[Opening Data for the task section]

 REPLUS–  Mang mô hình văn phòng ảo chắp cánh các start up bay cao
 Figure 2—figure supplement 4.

[Closing Data for the task section]
[Opening Data for the task section]

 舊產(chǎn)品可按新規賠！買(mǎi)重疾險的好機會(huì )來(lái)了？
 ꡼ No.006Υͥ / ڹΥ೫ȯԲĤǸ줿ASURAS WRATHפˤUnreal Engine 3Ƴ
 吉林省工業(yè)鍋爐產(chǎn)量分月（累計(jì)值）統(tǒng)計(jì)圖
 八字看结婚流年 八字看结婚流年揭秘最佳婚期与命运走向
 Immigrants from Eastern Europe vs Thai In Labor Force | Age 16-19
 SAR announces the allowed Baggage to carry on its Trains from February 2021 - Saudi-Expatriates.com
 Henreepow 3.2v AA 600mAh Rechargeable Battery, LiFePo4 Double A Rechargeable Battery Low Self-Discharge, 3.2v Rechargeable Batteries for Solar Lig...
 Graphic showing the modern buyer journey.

[Closing Data for the task section]
[Opening Data for the task section]

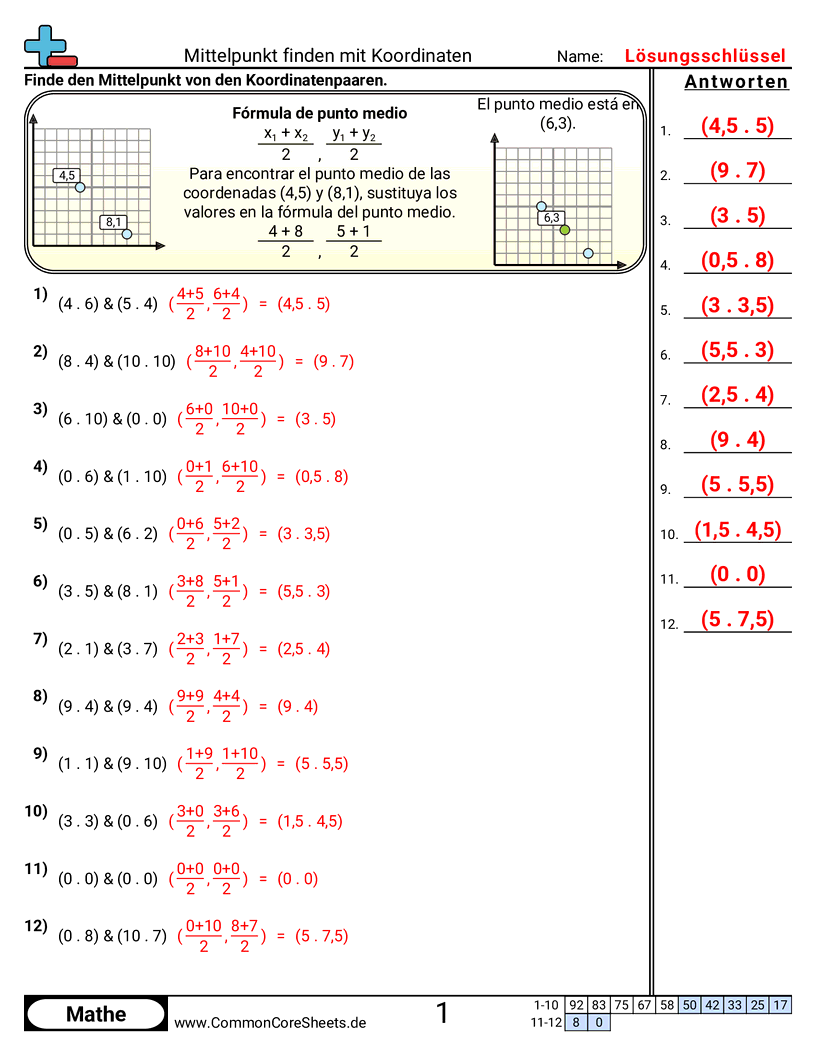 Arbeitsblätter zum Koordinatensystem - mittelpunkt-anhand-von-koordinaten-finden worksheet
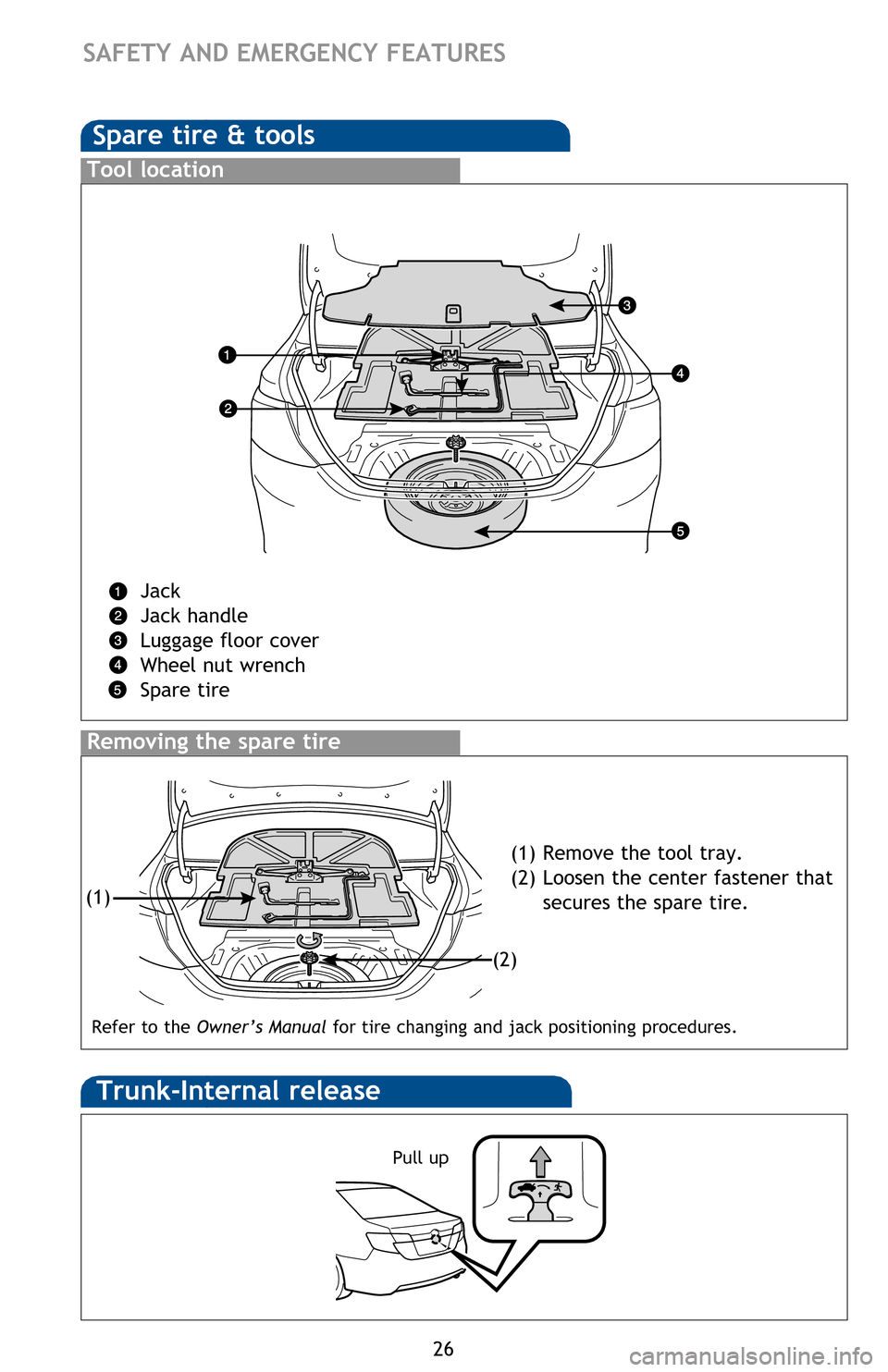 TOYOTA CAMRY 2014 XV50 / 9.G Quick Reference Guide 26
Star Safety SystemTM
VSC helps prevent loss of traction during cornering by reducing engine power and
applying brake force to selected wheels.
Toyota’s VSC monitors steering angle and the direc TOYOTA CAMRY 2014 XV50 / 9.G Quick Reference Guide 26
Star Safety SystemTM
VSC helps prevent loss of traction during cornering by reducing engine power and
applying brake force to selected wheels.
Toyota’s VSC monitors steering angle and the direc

[Closing Data for the task section]

• What this task involves: Take from the material above the lines running from the one with "start up bay cao" through the one with "Figure 2—figure supplement 4.", and repeat them exactly, with nothing else.

• Your solution:
 REPLUS–  Mang mô hình văn phòng ảo chắp cánh các start up bay cao
 Figure 2—figure supplement 4.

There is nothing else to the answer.